• _Supplied information_:
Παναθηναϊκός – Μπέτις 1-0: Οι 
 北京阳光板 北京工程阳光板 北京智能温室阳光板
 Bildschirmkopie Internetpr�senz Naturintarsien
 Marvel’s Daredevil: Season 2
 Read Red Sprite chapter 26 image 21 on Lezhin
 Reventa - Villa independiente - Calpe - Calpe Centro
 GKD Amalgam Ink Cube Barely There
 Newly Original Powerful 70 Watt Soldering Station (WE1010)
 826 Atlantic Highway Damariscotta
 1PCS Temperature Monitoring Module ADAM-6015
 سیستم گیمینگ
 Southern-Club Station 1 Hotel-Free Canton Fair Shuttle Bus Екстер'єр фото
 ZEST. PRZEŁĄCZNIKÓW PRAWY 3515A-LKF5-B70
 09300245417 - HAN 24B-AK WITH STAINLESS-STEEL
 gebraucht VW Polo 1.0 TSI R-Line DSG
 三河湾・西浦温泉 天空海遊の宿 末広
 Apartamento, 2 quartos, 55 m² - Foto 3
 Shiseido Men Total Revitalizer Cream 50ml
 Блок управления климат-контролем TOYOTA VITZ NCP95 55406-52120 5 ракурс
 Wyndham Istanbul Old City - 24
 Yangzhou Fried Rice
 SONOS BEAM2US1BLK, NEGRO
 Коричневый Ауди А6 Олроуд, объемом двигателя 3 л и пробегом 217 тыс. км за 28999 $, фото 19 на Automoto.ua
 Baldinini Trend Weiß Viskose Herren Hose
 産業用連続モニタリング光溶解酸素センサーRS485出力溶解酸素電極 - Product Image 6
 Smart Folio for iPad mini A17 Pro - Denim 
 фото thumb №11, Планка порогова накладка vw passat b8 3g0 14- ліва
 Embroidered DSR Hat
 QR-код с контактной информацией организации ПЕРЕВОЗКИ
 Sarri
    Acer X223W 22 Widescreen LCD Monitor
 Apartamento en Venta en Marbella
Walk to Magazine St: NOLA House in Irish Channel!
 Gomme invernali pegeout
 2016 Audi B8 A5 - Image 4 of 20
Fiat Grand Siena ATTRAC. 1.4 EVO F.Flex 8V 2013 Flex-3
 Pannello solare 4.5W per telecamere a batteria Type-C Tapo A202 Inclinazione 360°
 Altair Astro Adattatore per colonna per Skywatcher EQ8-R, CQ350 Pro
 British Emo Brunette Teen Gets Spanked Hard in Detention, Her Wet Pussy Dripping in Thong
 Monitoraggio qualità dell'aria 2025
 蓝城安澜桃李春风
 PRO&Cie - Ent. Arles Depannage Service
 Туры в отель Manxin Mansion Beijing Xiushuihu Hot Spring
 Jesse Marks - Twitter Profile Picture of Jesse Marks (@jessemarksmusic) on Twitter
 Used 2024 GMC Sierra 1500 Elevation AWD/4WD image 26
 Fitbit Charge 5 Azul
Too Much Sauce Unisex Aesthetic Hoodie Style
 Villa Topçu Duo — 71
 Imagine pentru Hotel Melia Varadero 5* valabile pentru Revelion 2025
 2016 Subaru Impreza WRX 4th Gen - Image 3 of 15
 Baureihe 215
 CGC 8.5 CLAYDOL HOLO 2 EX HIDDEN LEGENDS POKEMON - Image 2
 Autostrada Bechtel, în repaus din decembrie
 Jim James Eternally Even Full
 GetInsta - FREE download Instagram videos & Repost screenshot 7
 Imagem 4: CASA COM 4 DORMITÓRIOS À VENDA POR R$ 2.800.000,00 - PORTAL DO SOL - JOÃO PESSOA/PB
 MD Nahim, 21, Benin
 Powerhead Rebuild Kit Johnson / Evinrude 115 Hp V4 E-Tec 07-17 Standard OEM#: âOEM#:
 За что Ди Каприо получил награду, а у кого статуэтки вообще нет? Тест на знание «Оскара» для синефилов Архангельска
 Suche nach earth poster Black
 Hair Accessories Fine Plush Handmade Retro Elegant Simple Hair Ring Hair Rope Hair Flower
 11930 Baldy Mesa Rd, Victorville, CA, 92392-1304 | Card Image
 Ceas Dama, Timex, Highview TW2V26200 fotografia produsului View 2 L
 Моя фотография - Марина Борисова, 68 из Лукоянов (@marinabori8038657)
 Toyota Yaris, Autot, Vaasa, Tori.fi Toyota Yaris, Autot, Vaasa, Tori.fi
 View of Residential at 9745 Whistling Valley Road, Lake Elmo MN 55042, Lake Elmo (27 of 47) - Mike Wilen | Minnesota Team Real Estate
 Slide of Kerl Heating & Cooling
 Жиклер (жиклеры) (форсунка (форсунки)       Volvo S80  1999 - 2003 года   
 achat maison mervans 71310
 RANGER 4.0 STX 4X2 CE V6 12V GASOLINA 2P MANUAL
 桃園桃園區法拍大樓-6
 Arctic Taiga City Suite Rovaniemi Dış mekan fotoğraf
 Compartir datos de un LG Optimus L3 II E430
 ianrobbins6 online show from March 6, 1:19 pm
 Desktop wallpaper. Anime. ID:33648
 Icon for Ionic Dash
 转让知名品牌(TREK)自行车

• _Task to complete_:
If a line in the records contains the string "City", copy it out.

• _Answer to the exercise_:
 Wyndham Istanbul Old City - 24
 Arctic Taiga City Suite Rovaniemi Dış mekan fotoğraf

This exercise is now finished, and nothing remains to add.